INSTRUCTIONS FOR THE TASK
In the entries below, which lines run from the one with "Modelos auténticos Viajes" through the one with "Hello kitty 1987"? Repeat exactly those, both included, and no pictures.

RECORDED DATA
####
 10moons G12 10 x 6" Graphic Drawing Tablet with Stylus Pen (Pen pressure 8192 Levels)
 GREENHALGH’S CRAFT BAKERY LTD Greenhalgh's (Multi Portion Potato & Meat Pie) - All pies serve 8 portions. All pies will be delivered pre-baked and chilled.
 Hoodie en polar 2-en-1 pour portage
####
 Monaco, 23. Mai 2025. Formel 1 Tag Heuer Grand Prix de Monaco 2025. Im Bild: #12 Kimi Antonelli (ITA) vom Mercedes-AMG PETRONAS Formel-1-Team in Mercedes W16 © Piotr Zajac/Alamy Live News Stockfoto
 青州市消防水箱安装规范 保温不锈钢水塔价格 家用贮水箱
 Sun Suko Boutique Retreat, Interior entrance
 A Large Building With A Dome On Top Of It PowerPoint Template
####
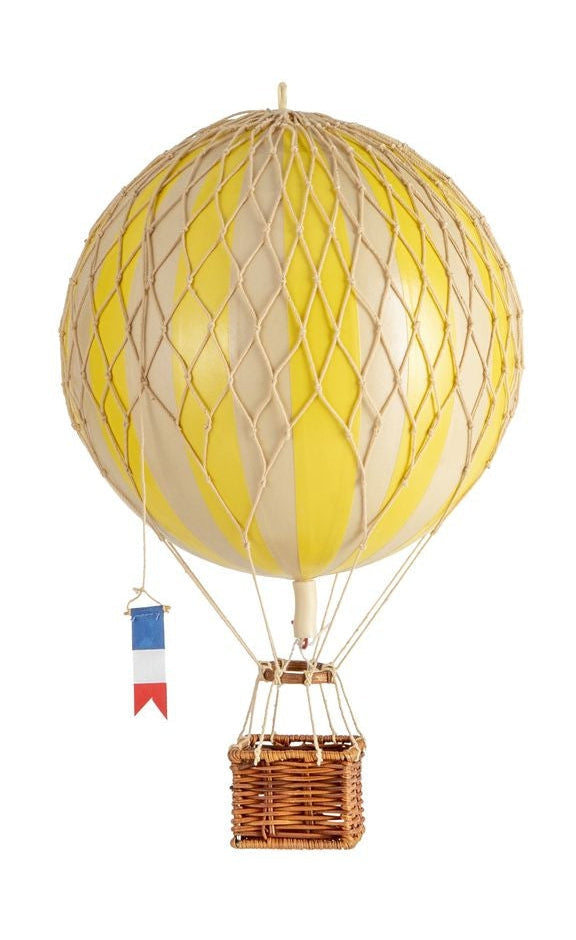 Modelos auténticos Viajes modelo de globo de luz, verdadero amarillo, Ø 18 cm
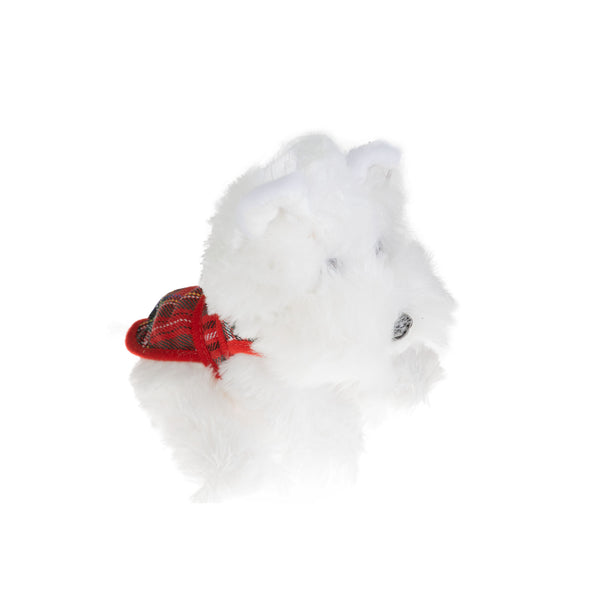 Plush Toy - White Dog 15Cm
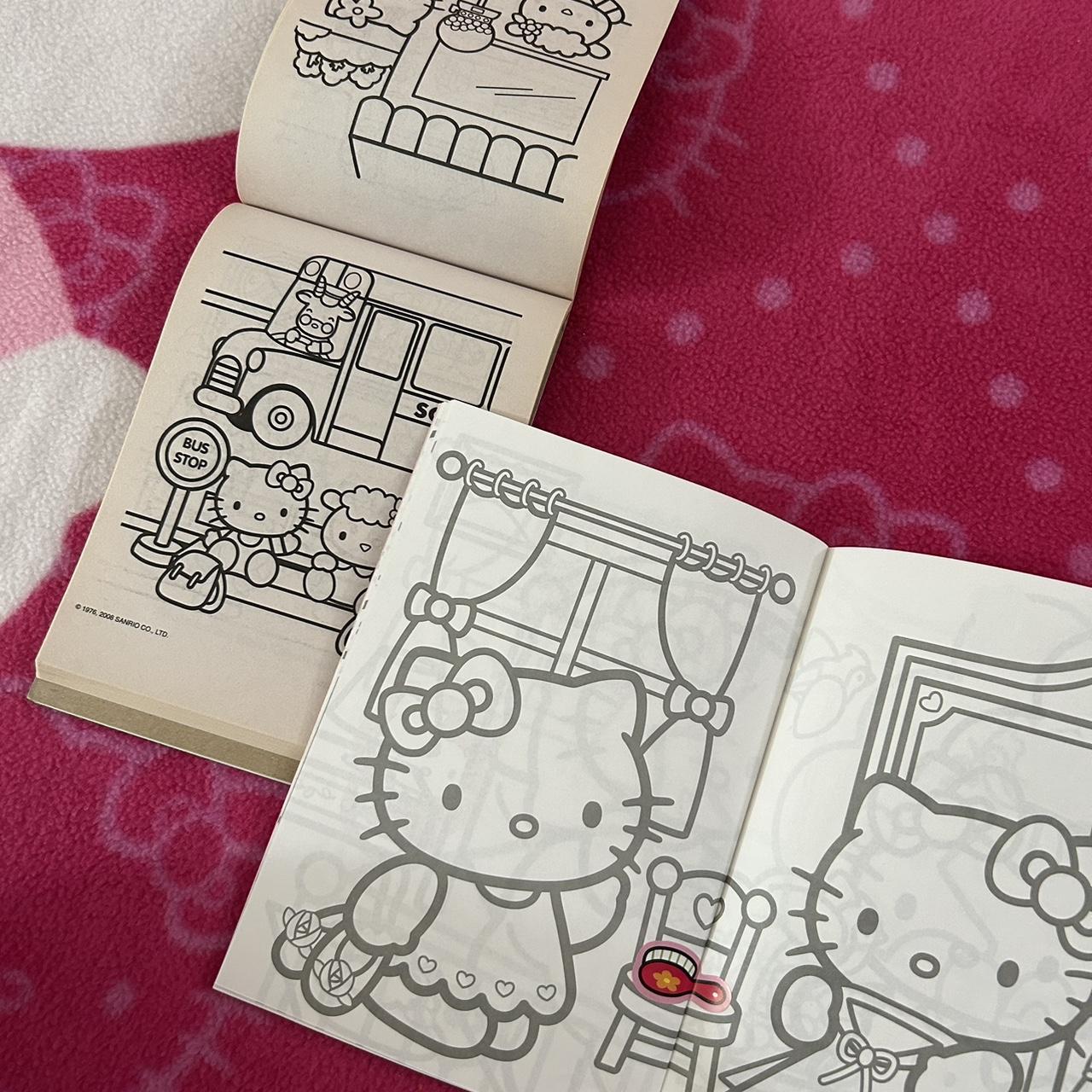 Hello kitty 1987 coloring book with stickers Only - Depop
####
RESULT OF THIS EXERCISE
 Modelos auténticos Viajes modelo de globo de luz, verdadero amarillo, Ø 18 cm
 Plush Toy - White Dog 15Cm
 Hello kitty 1987 coloring book with stickers Only - Depop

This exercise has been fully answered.